In Guayaquil, a major port and busy metropolis, the reigning jazz monarch is pianist Francisco Echeverria, who founded the Guayaquil Jazz Festival and puts on a number of events each year. Compelling in performance and charismatic in person, Francisco is one of the leading forces on the Ecuadorian jazz scene, providing opportunities for aspiring Ecuadorian jazz musicians to learn and perform.

Spending a considerable amount of time in Ecuador over the past several years, I eventually obtained an introduction to the cultural affairs director at the U.S. embassy in Quito, who enlisted me for a U.S. State Department tour which was completed this summer. On board for that project were Walt Szymanski and an Ecuadorian rhythm section composed of ICM faculty pianist Miguel Gallardo and two ICM students: Daniel Toledo on bass and Raul Molina on drums. I called the group “Jazz del Norte y del Sur” in order to highlight the collaboration between North and South American musicians.

In addition to performing at the Quito and Guayaquil 4th of July events – in which our group was augmented by Ambassador Adam E. Namm, a fine jazz pianist as it turns out – our tour consisted of concerts and workshops in several cities.

All of the concerts were packed. In Ecuador, many cultural events are sponsored by town or national governments and are free to the public. At the workshops we conducted at schools, we found the students – some as young as 4 – to be fascinated by improvisation and jazz. From the very youngest all the way to the university students, they eagerly joined us in various playing exercises designed to get everyone more comfortable with improvising while starting to learn basic jazz concepts.

Clearly there is great interest in the art form of jazz in Ecuador, as there is all over the world. Periodic resurrected declarations that “jazz is dead” apparently only make it stronger, as evidenced by the ongoing enrollment of students in the worldwide jazz education programs that have proliferated in the last 30 years. If the musicians can organize themselves while the development of public jazz performances is in its initial stage, their power in the marketplace will obviously increase.

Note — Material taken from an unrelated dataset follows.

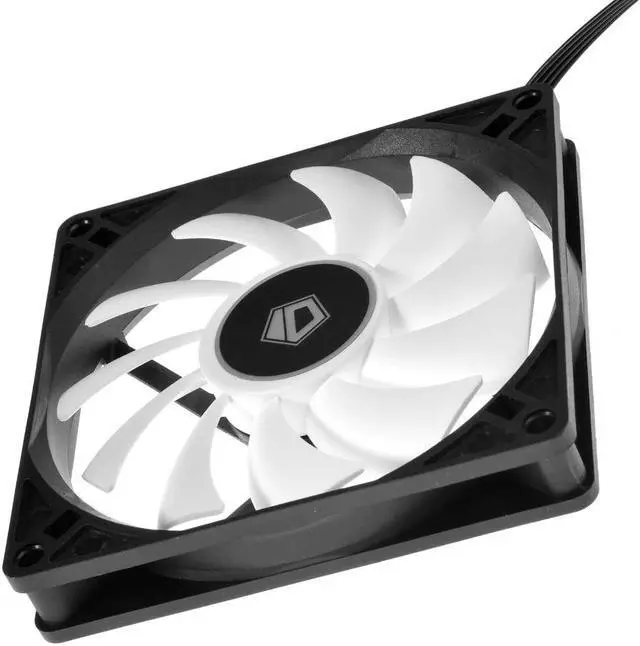 Alt view image 3 of 6 - ID COOLING 92*15mm Slim Low Profile Cooling Fan 4Pin PWM High Air Pressure,Low Noise & Big Airflow,For CPU&GPU&VGA cooler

I asked JSE founder Jim Gala, who is not only an excellent pianist but also a veteran jazz club owner, whether he thought a musicians’ union would be feasible in Ecuador. He is open to the possibility. He replied, “Regarding a union, I don’t know if there are enough jazz venues in Ecuador to warrant one…perhaps the JSE could develop into a sort of umbrella organization to organize events, book, and negotiate on behalf of the jazz musicians here.”

Jazz has always benefited from the activities of its passionate adherents, whether they be musicians, club owners, promoters or listeners. When all of the above can join forces, real progress in securing artistic and financial opportunity in the jazz world is a certainty.